> [What is required]: When you reach the line in the data below that contains "Opel Astra H", please start repeating lines exactly, and stop after the line that contains "刘***权蛇纹石玉未镶嵌颈饰", repeating nothing else.

Items from a data source
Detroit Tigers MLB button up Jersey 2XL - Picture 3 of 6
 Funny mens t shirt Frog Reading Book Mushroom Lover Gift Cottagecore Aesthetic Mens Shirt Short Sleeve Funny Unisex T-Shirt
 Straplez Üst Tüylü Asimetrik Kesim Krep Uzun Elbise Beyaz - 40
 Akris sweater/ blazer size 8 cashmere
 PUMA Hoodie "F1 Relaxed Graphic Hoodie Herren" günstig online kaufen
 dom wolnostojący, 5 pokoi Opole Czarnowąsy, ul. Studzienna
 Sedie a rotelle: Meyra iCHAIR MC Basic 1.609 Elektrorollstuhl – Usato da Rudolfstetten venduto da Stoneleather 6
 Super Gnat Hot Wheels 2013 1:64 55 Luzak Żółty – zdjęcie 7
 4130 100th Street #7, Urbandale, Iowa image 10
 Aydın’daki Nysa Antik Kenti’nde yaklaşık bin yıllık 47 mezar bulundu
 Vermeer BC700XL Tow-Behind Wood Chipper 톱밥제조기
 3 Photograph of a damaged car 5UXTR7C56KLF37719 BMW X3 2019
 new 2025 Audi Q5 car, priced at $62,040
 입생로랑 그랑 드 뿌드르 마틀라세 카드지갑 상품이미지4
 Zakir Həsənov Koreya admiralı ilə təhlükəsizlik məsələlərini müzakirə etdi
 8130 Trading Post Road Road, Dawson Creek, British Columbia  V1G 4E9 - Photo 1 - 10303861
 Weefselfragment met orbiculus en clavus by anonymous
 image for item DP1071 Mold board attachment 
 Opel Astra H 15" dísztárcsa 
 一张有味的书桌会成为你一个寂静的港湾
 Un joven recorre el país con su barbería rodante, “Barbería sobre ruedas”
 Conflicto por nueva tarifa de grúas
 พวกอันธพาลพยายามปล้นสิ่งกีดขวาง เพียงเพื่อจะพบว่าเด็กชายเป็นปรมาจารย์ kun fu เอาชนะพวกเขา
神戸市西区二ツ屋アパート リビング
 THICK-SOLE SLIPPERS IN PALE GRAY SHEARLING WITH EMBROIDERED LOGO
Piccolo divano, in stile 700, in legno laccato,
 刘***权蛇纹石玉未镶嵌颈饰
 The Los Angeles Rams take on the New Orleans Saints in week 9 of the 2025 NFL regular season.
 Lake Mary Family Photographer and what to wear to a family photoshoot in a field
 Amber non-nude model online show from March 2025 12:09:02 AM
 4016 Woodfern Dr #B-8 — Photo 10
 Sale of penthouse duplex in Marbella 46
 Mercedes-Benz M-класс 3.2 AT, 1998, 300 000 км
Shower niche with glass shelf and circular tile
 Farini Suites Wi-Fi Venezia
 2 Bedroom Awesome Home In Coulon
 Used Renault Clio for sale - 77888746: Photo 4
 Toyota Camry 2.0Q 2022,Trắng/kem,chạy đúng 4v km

> [The completed task]:
 Opel Astra H 15" dísztárcsa 
 一张有味的书桌会成为你一个寂静的港湾
 Un joven recorre el país con su barbería rodante, “Barbería sobre ruedas”
 Conflicto por nueva tarifa de grúas
 พวกอันธพาลพยายามปล้นสิ่งกีดขวาง เพียงเพื่อจะพบว่าเด็กชายเป็นปรมาจารย์ kun fu เอาชนะพวกเขา
神戸市西区二ツ屋アパート リビング
 THICK-SOLE SLIPPERS IN PALE GRAY SHEARLING WITH EMBROIDERED LOGO
Piccolo divano, in stile 700, in legno laccato,
 刘***权蛇纹石玉未镶嵌颈饰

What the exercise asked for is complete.